Case study: abuse of frequentist statistics

Cyan

46 Case study: abuse of frequentist statistics

21st Feb 2010

4 min read

46

Recently, a colleague was reviewing an article whose key justification rested on some statistics that seemed dodgy to him, so he came to me for advice. (I guess my boss, the resident statistician, was out of his office.) Now, I'm no expert in frequentist statistics. My formal schooling in frequentist statistics comes from my undergraduate chemical engineering curriculum -- I wouldn't rely on it for consulting. But I've been working for someone who is essentially a frequentist for a year and a half, so I've had some hands-on experience. My boss hired me on the strength of my experience with Bayesian statistics, which I taught myself in grad school, and one thing reading the Bayesian literature voraciously will equip you for is critiquing frequentist statistics. So I felt competent enough to take a look.¹

The article compared an old, trusted experimental method with the authors' new method; the authors sought to show that the new method gave the same results on average as the trusted method. They performed three replicates using the trusted method and three replicates using the new method; each replicate generated a real-valued data point. They did this in nine different conditions, and for each condition, they did a statistical hypothesis test. (I'm going to lean heavily on Wikipedia for explanations of the jargon terms I'm using, so this post is actually a lot longer than it appears on the page. If you don't feel like following along, the punch line is three paragraphs down, last sentence.)

The authors used what's called a Mann-Whitney U test, which, in simplified terms, aims to determine if two sets of data come from different distributions. The essential thing to know about this test is that it doesn't depend on the actual data except insofar as those data determine the ranks of the data points when the two data sets are combined. That is, it throws away most of the data, in the sense that data sets that generate the same ranking are equivalent under the test. The rationale for doing this is that it makes the test "non-parametric" -- you don't need to assume a particular form for the probability density when all you look at are the ranks.

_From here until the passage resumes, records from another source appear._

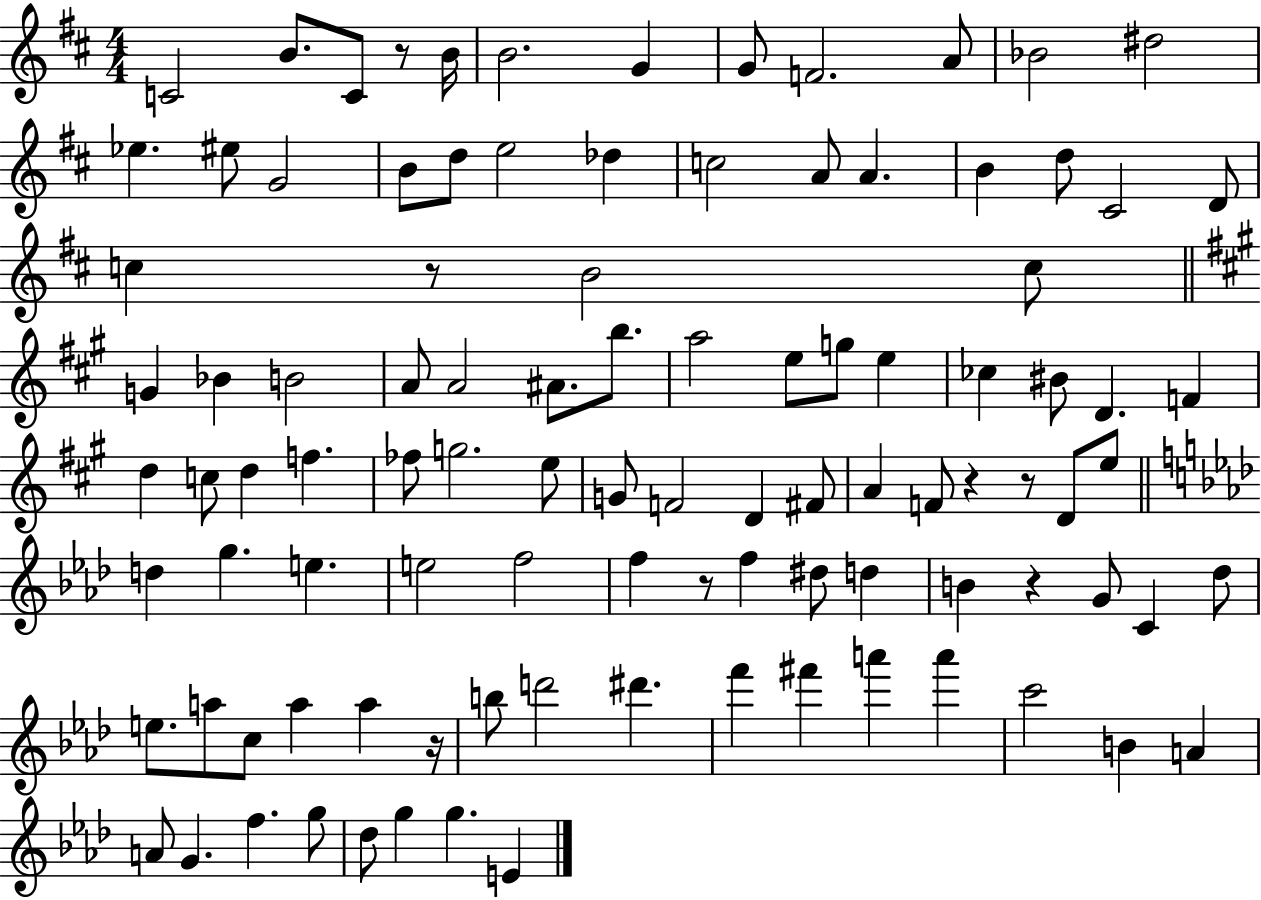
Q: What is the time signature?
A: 4/4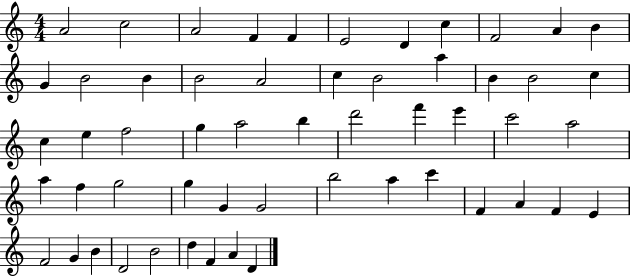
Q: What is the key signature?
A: C major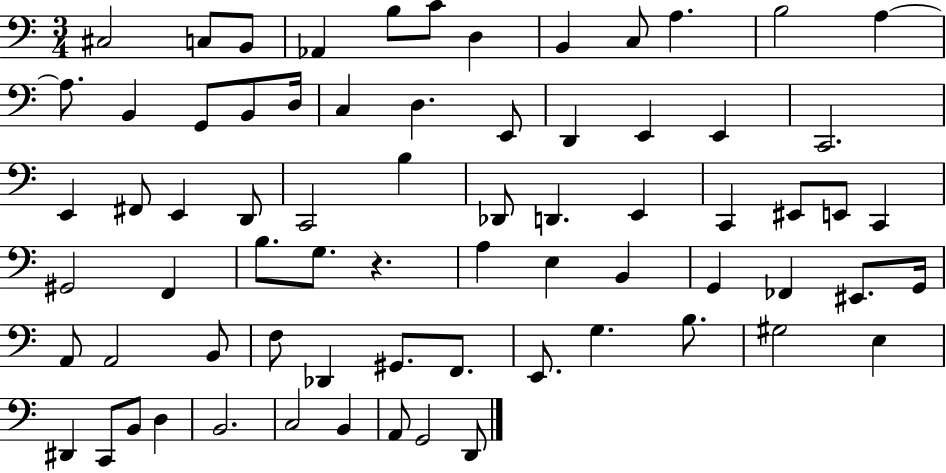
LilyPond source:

{
  \clef bass
  \numericTimeSignature
  \time 3/4
  \key c \major
  cis2 c8 b,8 | aes,4 b8 c'8 d4 | b,4 c8 a4. | b2 a4~~ | \break a8. b,4 g,8 b,8 d16 | c4 d4. e,8 | d,4 e,4 e,4 | c,2. | \break e,4 fis,8 e,4 d,8 | c,2 b4 | des,8 d,4. e,4 | c,4 eis,8 e,8 c,4 | \break gis,2 f,4 | b8. g8. r4. | a4 e4 b,4 | g,4 fes,4 eis,8. g,16 | \break a,8 a,2 b,8 | f8 des,4 gis,8. f,8. | e,8. g4. b8. | gis2 e4 | \break dis,4 c,8 b,8 d4 | b,2. | c2 b,4 | a,8 g,2 d,8 | \break \bar "|."
}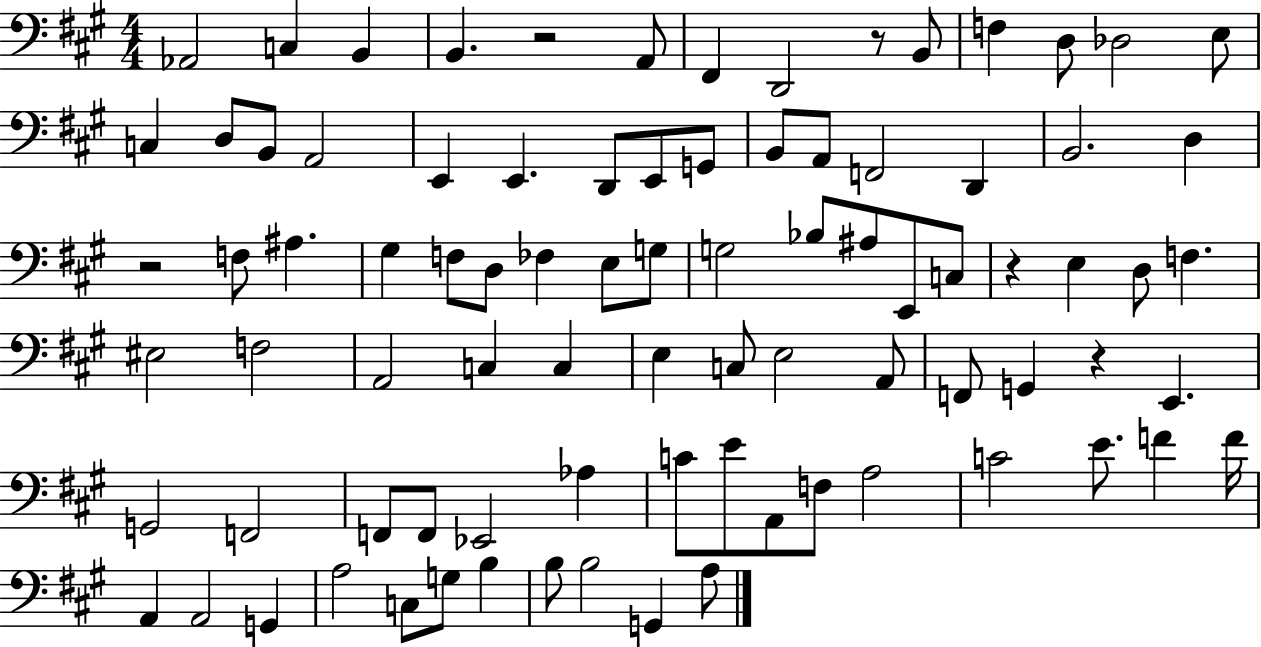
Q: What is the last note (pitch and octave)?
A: A3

The output of a statistical hypothesis test is a p-value; one pre-establishes a threshold for statistical significance, and if the the p-value is lower than the threshold, one draws a certain conclusion called "rejecting the null hypothesis". In the present case, the null hypothesis is that the old method and the new method produce data from the same distribution; the authors would like to see data that do not lead to rejection of the null hypothesis. They established the conventional threshold of 0.05, and for each of the nine conditions, they reported either "p > 0.05" or "p = 0.05"². Thus they did not reject the null hypothesis, and argued that the analysis supported their thesis.

Now even from a frequentist perspective, this is wacky. Hypothesis testing can reject a null hypothesis, but cannot confirm it, as discussed in the first paragraph of the Wikipedia article on null hypotheses. But this is not the real WTF, as they say. There are twenty ways to choose three objects out of six, so there are only twenty possible p-values, and these can be computed even when the original data are not available, since they only depend on ranks. I put these facts together within a day of being presented with the analysis and quickly computed all twenty p-values. Here I only need discuss the most extreme case, where all three of the data points for the new method are to one side (either higher or lower) of the three data points for the trusted method. This case provides the most evidence against the notion that the two methods produce data from the same distribution, resulting in the smallest possible p-value³: p = 0.05. In other words, even before the data were collected it could have been known that this analysis would give the result the authors wanted.⁴

When I canvassed the Open Thread for interest in this article, Douglas Knight wrote: "If it's really frequentism that caused the problem, please spell this out." Frequentism per se is not the proximate cause of this problem, that being that the authors either never noticed that their analysis could not falsify their hypothesis, or they tried to pull a fast one. But it is a distal cause, in the sense that it forbids the Bayesian approach, and thus requires practitioners to become familiar with a grab-bag of unrelated methods for statistical inference⁵, leaving plenty of room for confusion and malfeasance. Technologos's reply to Douglas Knight got it exactly right; I almost jokingly requested a spoiler warning.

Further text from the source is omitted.